• [Work instructions]:
The full set of entries is to be printed exactly, with pictures excluded.
⟨
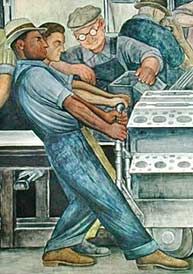 two men are working on an oven in a factory with another man looking at it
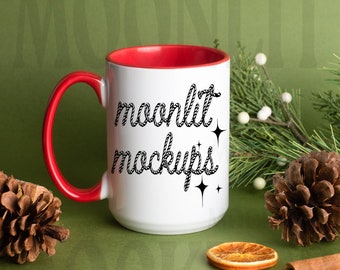 May include: White ceramic mug with a red rim and handle. The mug has the text "moonlit mockups" written in black rope-like font with small stars on the side.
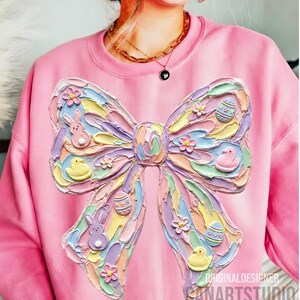 May include: Pink sweatshirt featuring a large, textured bow design with pastel colors. The bow includes Easter-themed elements like bunnies, ducklings, and decorated eggs. The text "ORIGINALDESIGNER SANARTSTUDIO" is visible at the bottom right.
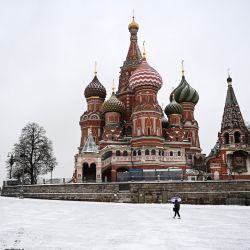 Un peatón con paraguas pasa por delante de la catedral de San Basilio en el centro de Moscú durante una nevada. | Foto:KIRILL KUDRYAVTSEV / AFP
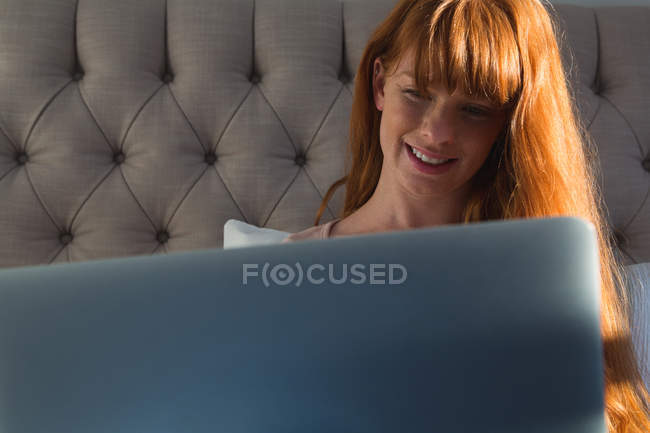 Улыбающаяся женщина с рыжими волосами с помощью ноутбука в спальне дома — стоковое фото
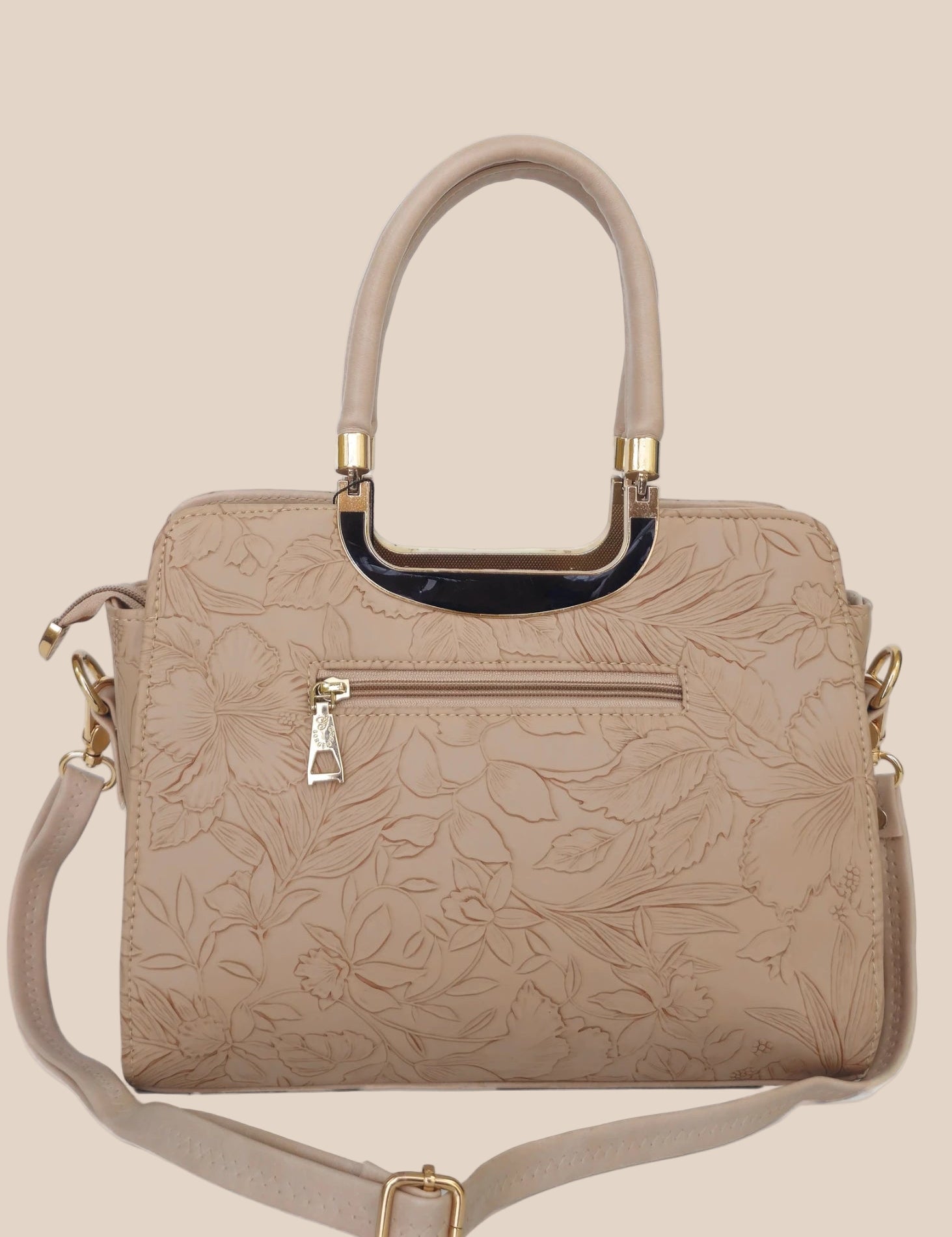 Beige handbag with a floral pattern and a gold handle back view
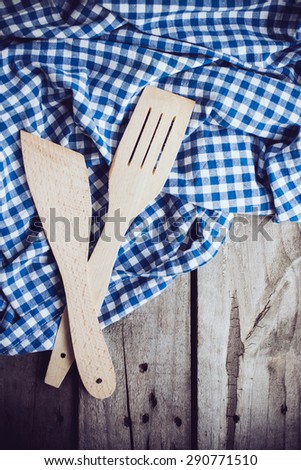 Two wooden spatulas and blue linen cloth on an old wooden board, vintage kitchen background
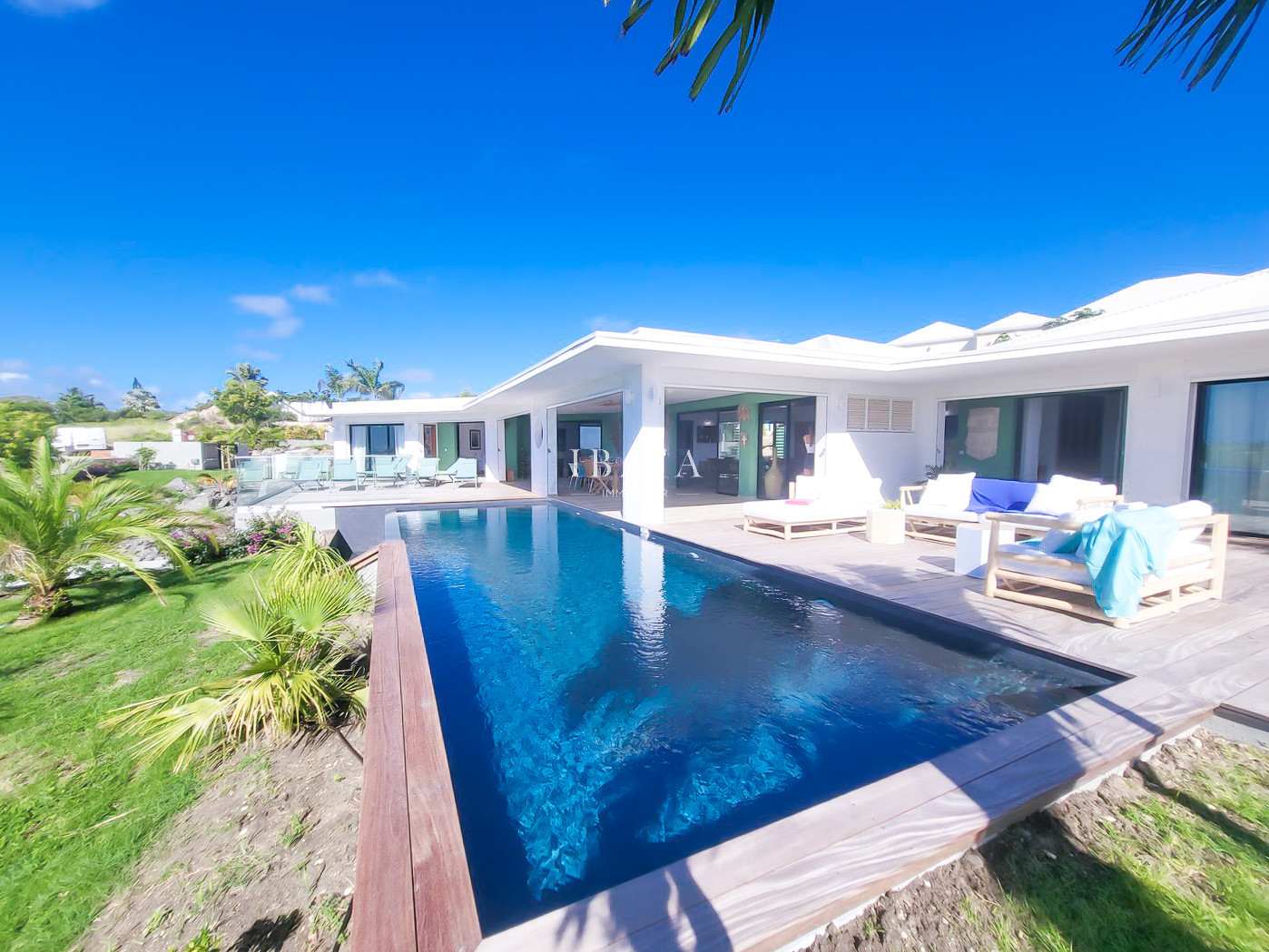 Modern villa with infinity pool and wooden outdoor furniture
⟩
• [Solution to this task]:
 two men are working on an oven in a factory with another man looking at it
 May include: White ceramic mug with a red rim and handle. The mug has the text "moonlit mockups" written in black rope-like font with small stars on the side.
 May include: Pink sweatshirt featuring a large, textured bow design with pastel colors. The bow includes Easter-themed elements like bunnies, ducklings, and decorated eggs. The text "ORIGINALDESIGNER SANARTSTUDIO" is visible at the bottom right.
 Un peatón con paraguas pasa por delante de la catedral de San Basilio en el centro de Moscú durante una nevada. | Foto:KIRILL KUDRYAVTSEV / AFP
 Улыбающаяся женщина с рыжими волосами с помощью ноутбука в спальне дома — стоковое фото
 Beige handbag with a floral pattern and a gold handle back view
 Two wooden spatulas and blue linen cloth on an old wooden board, vintage kitchen background
 Modern villa with infinity pool and wooden outdoor furniture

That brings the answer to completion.